La imagen de “cabañita” quedó atrás
Hasta hace pocos años, la construcción en madera en Argentina evocaba un imaginario casi rural: techos a dos aguas, estética alpina, cabañas de verano. Ese paradigma quedó viejo. El wood frame —el sistema de entramado de madera que domina en Estados Unidos y buena parte de Europa— se aggiornó, sumó tecnología y empezó a entrar en ciudades, barrios cerrados y desarrollos suburbanos con una estética mucho más contemporánea.
Consultado por Perfil, el arquitecto Gonzalo Campos del estudio B3 Hogar, especializado en sistemas livianos, explica que “Hoy, los proyectos en madera ya no se diferencian solo por su calidez, sino por su prestación térmica, velocidad y eficiencia. Y ese combo se volvió especialmente atractivo en un país donde el costo de la energía, los tiempos de obra y la previsibilidad son variables cada vez más sensibles”.
La normativa puso orden
El salto no llegó solo por moda. Desde la actualización del CIRSOC 601, que regula estructuras de madera en Argentina, el sector empezó a trabajar con parámetros técnicos claros: cargas, aislación, resistencia al fuego, durabilidad, detalles constructivos.
Eso permitió algo clave: comparar peras con peras frente al ladrillo tradicional.
Según especialistas del INTI, una construcción en wood frame puede alcanzar coeficientes térmicos hasta cuatro veces mejores que los de una pared húmeda convencional. Esto se traduce en menos demanda de climatización y, por ende, ahorros energéticos cercanos al 50% en operación.
Por qué crece ahora en Argentina
Hay tres factores que explican el despegue:
1. Plazo de obra: la construcción en seco permite reducir tiempos de ejecución, con períodos habituales de 2 a 4 meses para viviendas y proyectos comerciales.
2. Costos durante la vida útil: la eficiencia energética empieza a ser relevante a la hora de pensar en los costos de mantenimiento de una casa.
3. Cambios culturales: la idea de “una casa sólida es una casa de ladrillo” empieza a matizarse frente a datos de la performance de la construcción en seco.
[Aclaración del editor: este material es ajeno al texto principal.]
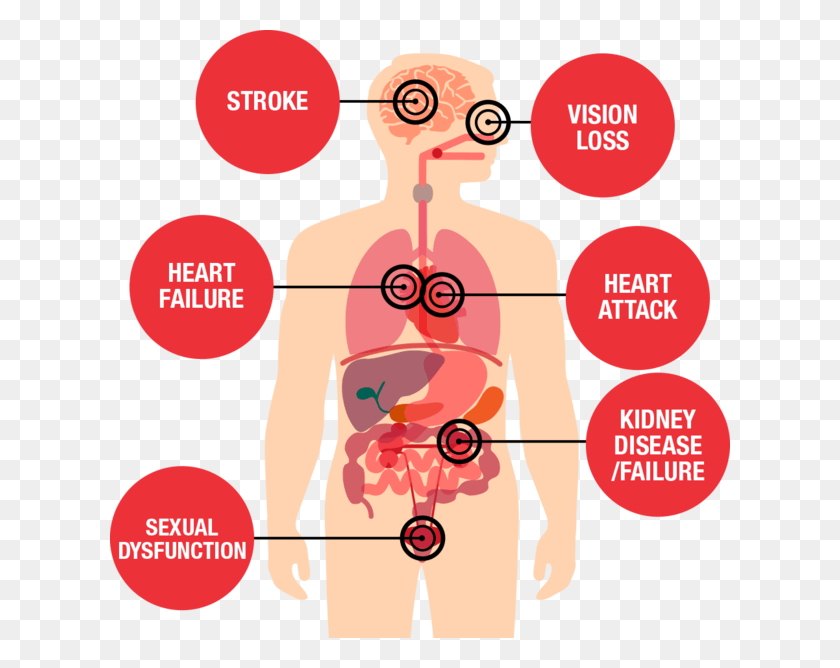 620x608 Fail Clipart Health Risk High Blood Pressure Effects, Plot, Diagram, Poster HD PNG Download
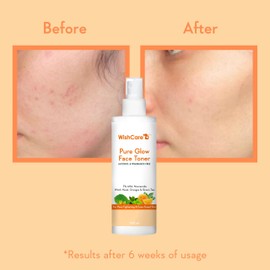 WishCare Pure Glow Facial Toner - 5% Fruit AHA, Hyaluronic Acid, Niacinamide and Oranges - For Radiant and Pore Minimising Effect - 200ml (PGFT200)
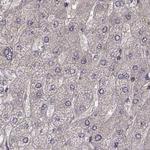 PLEKHG3 Antibody in Immunohistochemistry (Paraffin) (IHC (P))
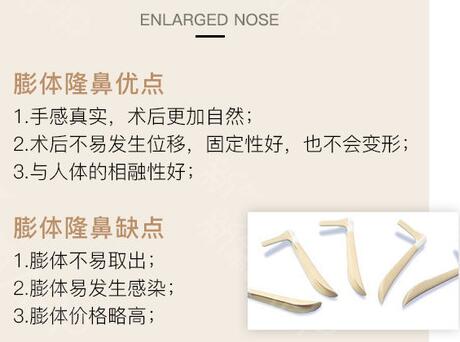 膨體隆鼻恢復(fù)時間多久？科普小課堂！深度了解優(yōu)缺點(diǎn)、價格~
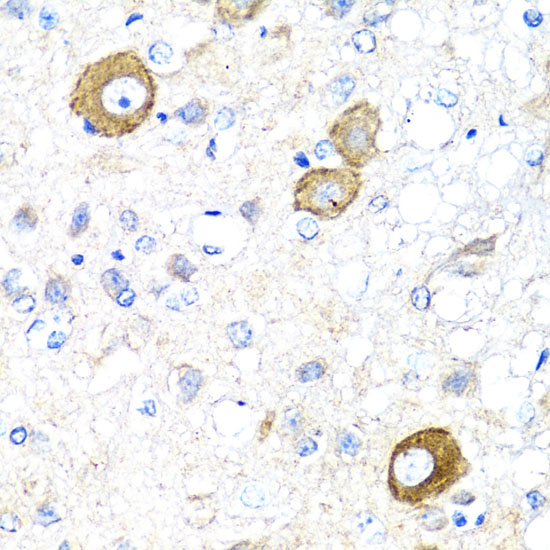 Immunohistochemistry of paraffin-embedded Rat brain using NRG4 Polyclonal Antibody at dilution of  1:100 (40x lens).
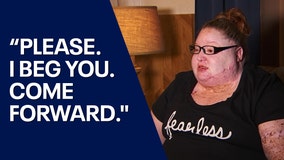 Arizona acid attack victim chooses to forgive suspect, but is still searching for justice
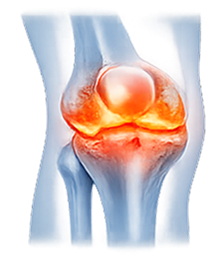 Knee Arthritis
Desde el estudio B3 Hogar, añaden que “la conversación cambió: hoy los clientes preguntan por confort térmico, consumo y tiempos, no por el sistema constructivo” a su vez que registran en el último año un aumento de consultas que antes se orientaban casi únicamente al ladrillo.
Las dudas que todavía existen
El sistema todavía carga con ciertos prejuicios. ¿Resiste? ¿Es duradero? ¿Se va a volar como la casa de los tres chanchitos? “Hoy la calidad depende más del proyecto y de la supervisión que del material de la estructura”, explican en el Estudio B3 Hogar.
En las construcciones de woodframe, las estructuras y las fijaciones cumplen con estandares internacionales, y la durabilidad está asegurada por el tratamiento y el mantenimiento de los materiales.
Lo que viene
La incorporación de paneles altamente aislantes, envolventes térmicas continuas, y fachadas ventiladas, junto con la agilidad del proceso constructivo, deja claro que el sistema ya no compite por precio sino por prestaciones. Y el consumidor argentino, enfrentado a la necesidad de ganar en confort sin sacrificar diseño, empieza a tomar nota.